> _Exercise brief_: Would you restate word for word the lines of the listing, beginning at the first and ending with the line that holds "ABH04F Bluetooth Wireless"?

Segment Start: Records for processing

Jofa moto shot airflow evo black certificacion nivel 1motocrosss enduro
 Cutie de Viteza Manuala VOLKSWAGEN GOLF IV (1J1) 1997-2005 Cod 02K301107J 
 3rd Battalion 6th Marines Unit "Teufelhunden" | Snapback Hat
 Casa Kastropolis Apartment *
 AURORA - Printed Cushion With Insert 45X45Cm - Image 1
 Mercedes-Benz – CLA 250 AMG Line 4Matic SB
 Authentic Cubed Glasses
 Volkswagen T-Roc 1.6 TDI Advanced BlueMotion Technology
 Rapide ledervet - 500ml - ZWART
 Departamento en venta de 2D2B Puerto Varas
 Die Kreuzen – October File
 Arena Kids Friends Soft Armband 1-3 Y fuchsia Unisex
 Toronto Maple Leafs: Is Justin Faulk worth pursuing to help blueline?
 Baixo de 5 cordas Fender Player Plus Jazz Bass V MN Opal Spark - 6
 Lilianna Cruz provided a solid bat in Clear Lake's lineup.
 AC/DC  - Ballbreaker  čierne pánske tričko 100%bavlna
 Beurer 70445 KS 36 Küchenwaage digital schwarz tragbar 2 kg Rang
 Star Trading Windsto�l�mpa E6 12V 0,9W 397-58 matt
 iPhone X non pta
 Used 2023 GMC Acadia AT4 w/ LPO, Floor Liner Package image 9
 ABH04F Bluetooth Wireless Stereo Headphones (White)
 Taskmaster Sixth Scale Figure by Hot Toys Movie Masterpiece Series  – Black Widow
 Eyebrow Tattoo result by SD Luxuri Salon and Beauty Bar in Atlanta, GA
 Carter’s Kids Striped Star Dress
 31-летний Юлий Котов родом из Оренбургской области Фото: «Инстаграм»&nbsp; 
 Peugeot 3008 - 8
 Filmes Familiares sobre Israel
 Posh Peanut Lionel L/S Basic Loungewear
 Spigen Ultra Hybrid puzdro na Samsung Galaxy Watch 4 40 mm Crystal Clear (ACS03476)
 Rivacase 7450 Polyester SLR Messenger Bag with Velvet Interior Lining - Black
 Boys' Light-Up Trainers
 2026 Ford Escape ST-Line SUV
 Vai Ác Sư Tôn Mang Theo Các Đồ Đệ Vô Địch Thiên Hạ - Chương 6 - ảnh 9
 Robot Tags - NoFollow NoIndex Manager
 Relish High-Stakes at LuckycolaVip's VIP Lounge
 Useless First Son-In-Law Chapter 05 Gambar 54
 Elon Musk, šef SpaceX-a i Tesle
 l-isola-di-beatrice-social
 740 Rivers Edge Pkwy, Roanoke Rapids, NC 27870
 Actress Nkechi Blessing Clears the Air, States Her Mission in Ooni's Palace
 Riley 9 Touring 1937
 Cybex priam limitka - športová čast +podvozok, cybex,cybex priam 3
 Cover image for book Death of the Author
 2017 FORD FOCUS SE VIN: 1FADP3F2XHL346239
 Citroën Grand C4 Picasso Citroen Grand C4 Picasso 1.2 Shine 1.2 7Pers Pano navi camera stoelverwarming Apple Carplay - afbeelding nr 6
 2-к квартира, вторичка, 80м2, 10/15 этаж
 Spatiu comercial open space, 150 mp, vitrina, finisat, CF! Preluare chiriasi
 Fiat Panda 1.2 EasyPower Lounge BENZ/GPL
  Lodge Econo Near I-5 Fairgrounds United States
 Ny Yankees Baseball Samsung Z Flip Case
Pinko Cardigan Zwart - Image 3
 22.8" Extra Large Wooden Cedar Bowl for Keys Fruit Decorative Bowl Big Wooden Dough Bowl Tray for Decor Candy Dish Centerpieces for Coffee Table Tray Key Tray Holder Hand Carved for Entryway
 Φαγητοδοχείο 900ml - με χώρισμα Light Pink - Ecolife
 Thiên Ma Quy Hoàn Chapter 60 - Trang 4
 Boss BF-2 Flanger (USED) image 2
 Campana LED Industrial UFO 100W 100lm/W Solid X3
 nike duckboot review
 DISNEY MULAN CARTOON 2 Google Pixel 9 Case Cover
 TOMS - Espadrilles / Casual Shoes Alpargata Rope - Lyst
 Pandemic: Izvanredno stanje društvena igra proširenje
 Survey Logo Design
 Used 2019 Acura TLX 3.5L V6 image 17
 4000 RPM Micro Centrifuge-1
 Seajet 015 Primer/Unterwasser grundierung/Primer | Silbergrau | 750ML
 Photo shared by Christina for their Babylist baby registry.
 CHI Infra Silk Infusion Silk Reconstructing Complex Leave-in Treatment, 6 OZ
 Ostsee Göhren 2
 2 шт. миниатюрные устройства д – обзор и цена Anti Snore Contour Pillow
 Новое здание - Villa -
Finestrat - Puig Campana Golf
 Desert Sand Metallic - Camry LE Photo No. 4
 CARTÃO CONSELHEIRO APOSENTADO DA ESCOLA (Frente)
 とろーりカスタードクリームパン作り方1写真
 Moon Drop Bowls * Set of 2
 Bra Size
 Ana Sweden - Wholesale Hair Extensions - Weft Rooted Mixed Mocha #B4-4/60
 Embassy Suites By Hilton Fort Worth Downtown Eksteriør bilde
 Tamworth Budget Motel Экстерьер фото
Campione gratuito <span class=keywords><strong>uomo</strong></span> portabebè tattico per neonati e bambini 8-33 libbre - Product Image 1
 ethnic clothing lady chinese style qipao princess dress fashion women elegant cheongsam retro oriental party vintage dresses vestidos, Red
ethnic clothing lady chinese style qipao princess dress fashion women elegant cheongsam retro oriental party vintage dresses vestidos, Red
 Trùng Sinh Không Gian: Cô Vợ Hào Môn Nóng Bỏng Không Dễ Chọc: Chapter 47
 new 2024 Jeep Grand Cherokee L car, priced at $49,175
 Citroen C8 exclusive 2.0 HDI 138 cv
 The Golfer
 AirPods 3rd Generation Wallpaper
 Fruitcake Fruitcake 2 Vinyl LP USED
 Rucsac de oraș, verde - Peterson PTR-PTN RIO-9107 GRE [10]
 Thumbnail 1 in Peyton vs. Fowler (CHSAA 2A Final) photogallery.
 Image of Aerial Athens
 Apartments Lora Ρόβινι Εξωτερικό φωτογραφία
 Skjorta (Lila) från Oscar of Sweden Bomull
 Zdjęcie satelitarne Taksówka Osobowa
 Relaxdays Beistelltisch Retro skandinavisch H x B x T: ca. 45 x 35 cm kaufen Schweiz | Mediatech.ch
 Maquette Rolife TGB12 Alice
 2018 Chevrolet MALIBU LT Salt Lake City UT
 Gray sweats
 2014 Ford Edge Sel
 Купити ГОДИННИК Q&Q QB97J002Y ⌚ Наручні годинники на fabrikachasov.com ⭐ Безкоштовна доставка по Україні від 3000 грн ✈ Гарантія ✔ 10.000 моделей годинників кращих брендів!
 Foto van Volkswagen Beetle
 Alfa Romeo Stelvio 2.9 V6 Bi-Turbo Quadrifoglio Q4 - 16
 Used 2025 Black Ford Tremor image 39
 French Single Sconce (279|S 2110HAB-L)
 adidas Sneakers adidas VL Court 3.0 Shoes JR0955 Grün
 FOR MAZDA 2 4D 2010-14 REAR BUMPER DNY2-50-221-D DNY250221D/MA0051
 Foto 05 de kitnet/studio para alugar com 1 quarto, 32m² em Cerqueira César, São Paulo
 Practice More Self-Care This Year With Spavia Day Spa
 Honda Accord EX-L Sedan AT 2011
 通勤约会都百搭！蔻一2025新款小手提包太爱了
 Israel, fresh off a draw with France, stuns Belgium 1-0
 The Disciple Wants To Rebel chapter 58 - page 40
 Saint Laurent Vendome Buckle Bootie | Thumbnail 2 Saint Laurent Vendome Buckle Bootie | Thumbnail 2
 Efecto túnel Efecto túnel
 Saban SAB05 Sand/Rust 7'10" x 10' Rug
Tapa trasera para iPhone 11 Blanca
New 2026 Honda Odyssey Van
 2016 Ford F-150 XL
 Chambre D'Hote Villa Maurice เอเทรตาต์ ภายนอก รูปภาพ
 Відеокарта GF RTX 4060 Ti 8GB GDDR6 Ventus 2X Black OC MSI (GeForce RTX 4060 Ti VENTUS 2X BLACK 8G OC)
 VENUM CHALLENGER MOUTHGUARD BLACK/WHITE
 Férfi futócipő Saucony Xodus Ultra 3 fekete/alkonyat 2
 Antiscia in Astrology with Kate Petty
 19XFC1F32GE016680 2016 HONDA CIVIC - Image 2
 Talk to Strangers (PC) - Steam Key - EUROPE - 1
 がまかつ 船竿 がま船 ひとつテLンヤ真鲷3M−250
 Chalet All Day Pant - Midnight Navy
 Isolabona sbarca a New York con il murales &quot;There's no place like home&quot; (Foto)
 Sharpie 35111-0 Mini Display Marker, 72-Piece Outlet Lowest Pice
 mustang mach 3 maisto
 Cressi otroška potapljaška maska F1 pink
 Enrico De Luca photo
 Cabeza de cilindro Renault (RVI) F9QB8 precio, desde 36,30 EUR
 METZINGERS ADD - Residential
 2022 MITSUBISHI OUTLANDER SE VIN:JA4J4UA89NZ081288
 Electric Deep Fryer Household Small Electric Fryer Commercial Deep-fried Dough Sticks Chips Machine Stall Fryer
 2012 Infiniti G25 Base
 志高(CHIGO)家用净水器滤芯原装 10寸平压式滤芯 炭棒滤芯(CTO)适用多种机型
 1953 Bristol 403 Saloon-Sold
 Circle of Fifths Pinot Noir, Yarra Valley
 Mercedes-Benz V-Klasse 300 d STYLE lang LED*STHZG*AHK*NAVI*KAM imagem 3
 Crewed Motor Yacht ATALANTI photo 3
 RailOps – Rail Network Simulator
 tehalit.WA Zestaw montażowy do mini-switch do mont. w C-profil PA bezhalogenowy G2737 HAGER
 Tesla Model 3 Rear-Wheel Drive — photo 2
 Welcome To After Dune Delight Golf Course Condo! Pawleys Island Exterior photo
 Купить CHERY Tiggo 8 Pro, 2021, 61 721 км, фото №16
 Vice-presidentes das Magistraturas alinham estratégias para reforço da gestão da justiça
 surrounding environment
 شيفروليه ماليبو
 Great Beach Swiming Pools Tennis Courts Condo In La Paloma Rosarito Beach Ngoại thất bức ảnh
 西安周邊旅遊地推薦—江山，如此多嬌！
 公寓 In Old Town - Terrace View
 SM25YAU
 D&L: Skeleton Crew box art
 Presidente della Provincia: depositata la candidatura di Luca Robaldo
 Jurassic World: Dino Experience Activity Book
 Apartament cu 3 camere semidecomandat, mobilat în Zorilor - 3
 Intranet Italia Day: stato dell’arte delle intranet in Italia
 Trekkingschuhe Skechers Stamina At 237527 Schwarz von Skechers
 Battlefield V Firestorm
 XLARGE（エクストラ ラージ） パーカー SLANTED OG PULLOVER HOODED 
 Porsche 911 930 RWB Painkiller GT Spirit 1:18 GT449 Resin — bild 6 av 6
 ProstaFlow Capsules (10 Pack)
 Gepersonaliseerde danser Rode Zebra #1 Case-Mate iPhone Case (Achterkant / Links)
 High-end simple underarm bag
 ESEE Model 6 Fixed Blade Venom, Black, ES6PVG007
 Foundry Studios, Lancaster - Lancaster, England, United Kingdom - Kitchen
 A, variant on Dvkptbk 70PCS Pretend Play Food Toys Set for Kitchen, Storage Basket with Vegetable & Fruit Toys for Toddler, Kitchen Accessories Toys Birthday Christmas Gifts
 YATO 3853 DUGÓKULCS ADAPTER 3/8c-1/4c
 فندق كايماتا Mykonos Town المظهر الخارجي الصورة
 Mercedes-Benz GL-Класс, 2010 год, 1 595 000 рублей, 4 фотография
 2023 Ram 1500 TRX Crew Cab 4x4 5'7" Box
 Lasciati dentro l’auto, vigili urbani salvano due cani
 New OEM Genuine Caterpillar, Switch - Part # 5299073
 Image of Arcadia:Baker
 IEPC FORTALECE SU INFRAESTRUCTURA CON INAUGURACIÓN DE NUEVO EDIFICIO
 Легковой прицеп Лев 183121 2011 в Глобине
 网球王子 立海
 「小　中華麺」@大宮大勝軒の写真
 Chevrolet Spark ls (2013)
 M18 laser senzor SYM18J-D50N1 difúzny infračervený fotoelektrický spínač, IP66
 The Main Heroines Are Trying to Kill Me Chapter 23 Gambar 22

Segment End: Records for processing

> _Answer area_:
Jofa moto shot airflow evo black certificacion nivel 1motocrosss enduro
 Cutie de Viteza Manuala VOLKSWAGEN GOLF IV (1J1) 1997-2005 Cod 02K301107J 
 3rd Battalion 6th Marines Unit "Teufelhunden" | Snapback Hat
 Casa Kastropolis Apartment *
 AURORA - Printed Cushion With Insert 45X45Cm - Image 1
 Mercedes-Benz – CLA 250 AMG Line 4Matic SB
 Authentic Cubed Glasses
 Volkswagen T-Roc 1.6 TDI Advanced BlueMotion Technology
 Rapide ledervet - 500ml - ZWART
 Departamento en venta de 2D2B Puerto Varas
 Die Kreuzen – October File
 Arena Kids Friends Soft Armband 1-3 Y fuchsia Unisex
 Toronto Maple Leafs: Is Justin Faulk worth pursuing to help blueline?
 Baixo de 5 cordas Fender Player Plus Jazz Bass V MN Opal Spark - 6
 Lilianna Cruz provided a solid bat in Clear Lake's lineup.
 AC/DC  - Ballbreaker  čierne pánske tričko 100%bavlna
 Beurer 70445 KS 36 Küchenwaage digital schwarz tragbar 2 kg Rang
 Star Trading Windsto�l�mpa E6 12V 0,9W 397-58 matt
 iPhone X non pta
 Used 2023 GMC Acadia AT4 w/ LPO, Floor Liner Package image 9
 ABH04F Bluetooth Wireless Stereo Headphones (White)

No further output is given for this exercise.